Link to Google Drive: https://drive.google.com/drive/folders/1tuFWDCLsI0qT6JOR9Xgl9srEzAx_EocH?usp=sharing
UC Berkeley is very fortunate to offer over 150 different undergraduate majors and minors, which provides its students with the opportunity to experience a multitude of different fields of study. With that being said, there are almost too many options to choose from. In fact, UC Berkeley offered almost 7,000 different classes in just the fall 2020 semester alone. This makes it not only impossible to know all the classes offered but also difficult to decide. Not to mention, class selection can be especially challenging for new majors like data science, that do not yet have a set path. This often leads to an extensive amount of time spent switching between sites such as the berkeley class catalog, berkeleytime.com for grade distributions, and ratemyprofessor.com for professor ratings.
However, a class recommendation system such as Cal Class Recommender, or CCR for short, can make the class selection process much easier. CCR provides data science related class recommendations based on classes that were enjoyed by other data science students while considering the natural order of classes. With the use of CCR, class selection is now quicker and easier than ever which is especially important when self-navigating during these times of virtual learning.
CCR utilizes content-based and collaborative filtering. The recommendation engine takes in a class that a student is currently taking as its input, analyzes the contents (such as the title of the class). Then, it figures out which other users have taken similar classes. It will then rank similar students according to their similarity scores and recommend the most relevant classes to the student. For example, if the system detects that user A is the most similar to user B, then if user A has taken a class that user B has not, the class will get recommended to user B and vice-versa.
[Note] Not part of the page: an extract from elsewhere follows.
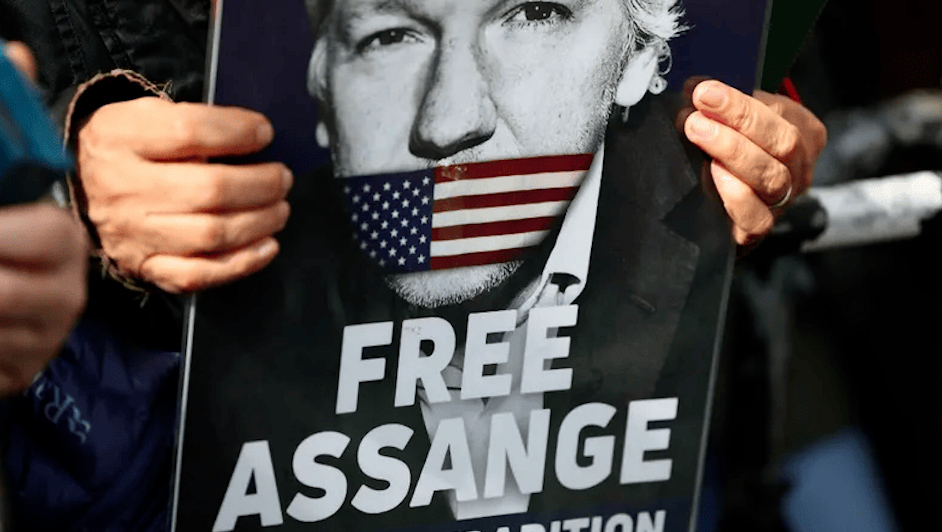 EU examina petición para que el fundador de WikiLeaks, Julian Assange, regresa a Australia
We gathered our data through surveys sent in IND ENG 135, Econ 140, and IND ENG 95. Using Python's pandas
library, we loaded the .csv
files into a dataframe. After doing so, we lowercased all letters, removed spaces, and converted class names such that they are consistent. For example, some students entered "Data-X" while others entered "INDENG 135" so we converted them all to "indeng135". We compiled the information into a dataframe containing:
- Major
- Last Semester Classes
- This Semester Classes
- Recommendation Classes
We then created a list of features, which was composed of all the classes taken last semester, this semester, and recommended. We combined these features so that they may be fed into our recommendation engine.
Next, the similarity between two users was found through the cosine similarity score of their coursework. This was done by representing the class titles as vectors and by importing CountVectorizer from sci-kit learn’s feature extraction text package. Ultimately, we fed the combined string into CountVectorizer and called cosine_similarity on the matrix to get similarities among users. Our next step was to get the title of the class the user recommends. After obtaining the title, we found the index of the class and accessed the row corresponding to this class in the similarity matrix. Thus, we get the similarity scores of all the other classes from the current one. Afterwards, we enumerated through all the similarity scores to make a tuple of class index and similarity score. Next, we sorted the list of similar classes according to similarity scores in descending order and output the first entry at the top of the list.